Home > Nonfiction > In Order to Live > Page 20
In Order to Live Page 20

by Yeonmi Park


  I never knew freedom could be such a cruel and difficult thing. Until now, I had always thought that being free meant being able to wear jeans and watch whatever movies I wanted without worrying about being arrested. Now I realized that I had to think all the time—and it was exhausting. There were times when I wondered whether, if it wasn’t for the constant hunger, I would be better off in North Korea, where all my thinking and all my choices were taken care of for me.

  I was tired of being so responsible. In China, I was the breadwinner, the one who kept my mother alive. Now I didn’t know how I was supposed to go back to being the child again. When we first arrived at Hanawon, my mother and I shared a room with another woman and her daughter, who was about my age. The mother complained that I was too independent and mature, and said I should act more like a kid. But I didn’t know what that meant. Inside I felt a thousand years old.

  I hated it when people didn’t like me, so I tried to act young for the mothers, and I tried to fit in with the other teenagers. I don’t know how well that worked.
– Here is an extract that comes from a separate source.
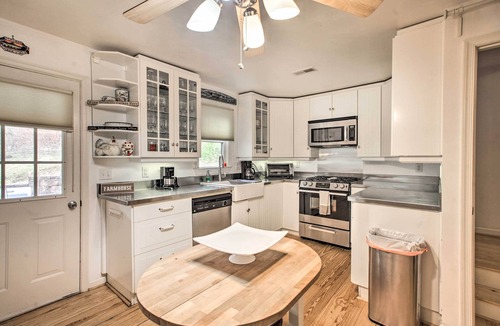 Faber Cottage | Spacious Faber Home w/Yard, Steps to Winery!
We saw one another every day and took field trips as a group, but I felt very much alone. The staff took us on a tour through Seoul, showed us the war museum and the Han River, and taught us how to buy a ticket and use the subway. It made me nervous, with all the noise and machines, flashing advertisements, and swarms of people everywhere. I smiled and pretended to pay attention. Outside I was a perfect kid, but inside I was churning.

  One day, I was standing around the cafeteria, talking with some North Korean kids my age. One of the boys was gossiping about a teenage girl with an infant.

  “You can’t trust North Korean girls,” said another boy. “They’ve all been trafficked. This one just couldn’t hide it.”

  “I have no idea what you’re talking about!” I told them. “What’s this trafficking?”

  Whenever the subject of China came up, I brushed it aside like that. My mother and I never talked about the past, even when it was just the two of us. We would look at each other and understand what was unspoken: The birds and mice could still hear us whisper. My mother had her own challenges with this strange new world we were about to enter. But she had a better attitude about it than I did. Every day that she didn’t have to struggle to survive was a good day for her.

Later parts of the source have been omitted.